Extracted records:
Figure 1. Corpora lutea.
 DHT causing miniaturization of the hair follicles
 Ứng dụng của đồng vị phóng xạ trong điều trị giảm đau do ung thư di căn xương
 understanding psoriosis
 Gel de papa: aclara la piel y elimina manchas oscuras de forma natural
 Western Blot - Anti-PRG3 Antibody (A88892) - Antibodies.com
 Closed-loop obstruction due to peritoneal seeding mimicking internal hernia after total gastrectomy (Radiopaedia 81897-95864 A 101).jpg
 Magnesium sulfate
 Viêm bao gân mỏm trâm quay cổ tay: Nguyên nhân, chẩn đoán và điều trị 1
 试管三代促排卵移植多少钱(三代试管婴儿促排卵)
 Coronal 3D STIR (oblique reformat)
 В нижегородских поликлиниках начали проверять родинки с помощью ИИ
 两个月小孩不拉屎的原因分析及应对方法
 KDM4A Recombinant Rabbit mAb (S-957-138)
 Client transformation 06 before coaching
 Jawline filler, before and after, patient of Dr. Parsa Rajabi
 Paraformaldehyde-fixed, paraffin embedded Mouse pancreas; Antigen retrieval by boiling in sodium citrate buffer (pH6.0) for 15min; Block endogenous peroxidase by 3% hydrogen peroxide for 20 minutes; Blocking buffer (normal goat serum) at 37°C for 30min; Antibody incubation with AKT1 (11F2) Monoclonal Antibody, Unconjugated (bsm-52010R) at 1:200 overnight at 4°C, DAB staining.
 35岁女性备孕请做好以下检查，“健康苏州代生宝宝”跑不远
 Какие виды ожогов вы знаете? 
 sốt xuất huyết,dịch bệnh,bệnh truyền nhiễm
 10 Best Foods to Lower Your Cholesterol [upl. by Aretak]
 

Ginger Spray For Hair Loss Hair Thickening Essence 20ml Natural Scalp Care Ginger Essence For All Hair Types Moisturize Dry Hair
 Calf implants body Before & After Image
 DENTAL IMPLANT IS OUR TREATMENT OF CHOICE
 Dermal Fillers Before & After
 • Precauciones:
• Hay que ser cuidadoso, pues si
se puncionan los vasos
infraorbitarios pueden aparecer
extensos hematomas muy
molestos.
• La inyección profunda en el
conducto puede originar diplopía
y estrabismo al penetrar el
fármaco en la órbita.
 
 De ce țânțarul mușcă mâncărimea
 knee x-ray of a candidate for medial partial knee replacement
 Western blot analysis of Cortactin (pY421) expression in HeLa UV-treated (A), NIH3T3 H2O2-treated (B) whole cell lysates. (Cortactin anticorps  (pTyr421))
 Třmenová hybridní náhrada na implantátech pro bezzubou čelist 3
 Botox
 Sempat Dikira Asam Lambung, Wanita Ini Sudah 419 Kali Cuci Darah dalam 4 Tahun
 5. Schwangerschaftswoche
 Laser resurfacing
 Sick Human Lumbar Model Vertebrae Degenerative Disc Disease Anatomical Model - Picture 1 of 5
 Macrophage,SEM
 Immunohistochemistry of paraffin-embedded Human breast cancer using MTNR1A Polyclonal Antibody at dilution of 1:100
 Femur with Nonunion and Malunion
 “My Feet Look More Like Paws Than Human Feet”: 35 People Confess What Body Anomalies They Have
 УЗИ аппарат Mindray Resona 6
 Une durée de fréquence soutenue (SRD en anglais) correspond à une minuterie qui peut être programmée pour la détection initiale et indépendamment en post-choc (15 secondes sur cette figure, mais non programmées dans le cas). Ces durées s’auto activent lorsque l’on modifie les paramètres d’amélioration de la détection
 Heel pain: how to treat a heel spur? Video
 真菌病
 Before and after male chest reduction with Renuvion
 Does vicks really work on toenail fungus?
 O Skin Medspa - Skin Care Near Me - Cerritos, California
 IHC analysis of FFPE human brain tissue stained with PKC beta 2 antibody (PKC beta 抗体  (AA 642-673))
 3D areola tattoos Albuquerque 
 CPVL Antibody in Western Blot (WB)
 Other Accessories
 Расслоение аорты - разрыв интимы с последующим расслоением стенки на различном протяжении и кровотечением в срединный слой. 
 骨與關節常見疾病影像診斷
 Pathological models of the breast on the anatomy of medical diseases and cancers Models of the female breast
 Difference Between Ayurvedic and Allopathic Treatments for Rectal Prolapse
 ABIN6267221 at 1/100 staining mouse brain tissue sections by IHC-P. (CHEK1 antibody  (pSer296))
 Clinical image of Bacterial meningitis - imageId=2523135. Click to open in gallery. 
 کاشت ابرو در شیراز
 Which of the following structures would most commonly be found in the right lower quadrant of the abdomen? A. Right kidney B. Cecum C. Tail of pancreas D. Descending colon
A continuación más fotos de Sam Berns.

Task objective
The count of lines above that include the string "breast" is the sole expected answer.

Response to the exercise
2